Di tengah tahapan Pemilihan Kepala Daerah 2020 ini, KASN bahkan telah melihat adanya mobilisasi ASN. Dari catatan KASN hingga 7 April, ada 119 rekomendasi dari Badan Pengawas Pemilu (Bawaslu) terkait pelanggaran netralitas ASN. Jenis pelanggaran, salah satunya, ASN ikut deklarasi calon kepala daerah.
”Kalau enggak diawasi KASN, ASN dan PPK bisa seenaknya,” ucap Agus.
Harus diperkuat
Guru Besar dan Dekan Fakultas Ilmu Administrasi Universitas Indonesia Eko Prasojo menilai, kehadiran KASN sangat krusial dalam proses pengangkatan jabatan seorang ASN. Oleh karena itu, menurut dia, penghapusan KASN malah justru akan memperburuk sistem merit yang selama ini sudah terbangun.
”Yang tidak suka dengan KASN karena mau mengangkat pejabat semaunya saja. KASN itu bertugas mengawasi pengangkatan jabatan sehingga profesionalitas ASN terjamin, tidak seenaknya saja. Pembubaran KASN akan memperburuk kualitas birokrasi,” ujar Eko.

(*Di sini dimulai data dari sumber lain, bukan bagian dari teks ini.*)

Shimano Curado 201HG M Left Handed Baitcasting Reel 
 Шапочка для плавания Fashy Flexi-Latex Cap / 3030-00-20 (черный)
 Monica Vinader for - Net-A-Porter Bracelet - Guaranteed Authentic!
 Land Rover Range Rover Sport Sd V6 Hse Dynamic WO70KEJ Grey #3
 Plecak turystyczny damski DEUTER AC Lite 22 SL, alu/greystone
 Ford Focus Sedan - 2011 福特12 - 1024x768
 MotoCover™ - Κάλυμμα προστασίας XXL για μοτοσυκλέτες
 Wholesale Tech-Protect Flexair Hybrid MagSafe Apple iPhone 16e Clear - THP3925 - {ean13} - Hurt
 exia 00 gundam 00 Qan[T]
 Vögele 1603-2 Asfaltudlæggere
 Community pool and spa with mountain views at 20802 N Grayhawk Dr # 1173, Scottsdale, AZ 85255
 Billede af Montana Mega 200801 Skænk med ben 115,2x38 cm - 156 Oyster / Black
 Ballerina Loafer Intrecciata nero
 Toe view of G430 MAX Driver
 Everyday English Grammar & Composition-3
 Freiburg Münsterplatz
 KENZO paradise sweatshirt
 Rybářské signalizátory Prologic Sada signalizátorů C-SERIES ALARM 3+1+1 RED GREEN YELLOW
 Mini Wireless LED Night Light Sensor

Eko tidak sependapat kehadiran KASN malah memperumit alur birokrasi dalam pengawasan ASN. Malah, kehadiran KASN sangat membantu kerja Kemenpan RB.
”Yang tidak suka dengan KASN karena mau mengangkat pejabat semaunya saja. KASN itu bertugas mengawasi pengangkatan jabatan sehingga profesionalitas ASN terjamin, tidak seenaknya saja. Pembubaran KASN akan memperburuk kualitas birokrasi"
”Kemenpan RB tidak mengawasi, tetapi membuat kebijakan. Menpan mengoordinasikan semua. Tidak ada masalah dengan Kemenpan RB. Bahkan, Kemenpan RB sangat terbantu,” ucapnya.
Eko menambahkan, apabila ada kekurangan dari kerja KASN, seharusnya kewenangannya diperkuat, bukan malah dibubarkan. Misalnya, KASN memiliki kewenangan pembatalan pengangkatan jabatan dan mengikat.
”Kalau ada yang tidak sempurna dalam implementasinya, ya, harus diperbaiki, bukan dibubarkan. Diperkuat saja kewenangannya,” kata Eko.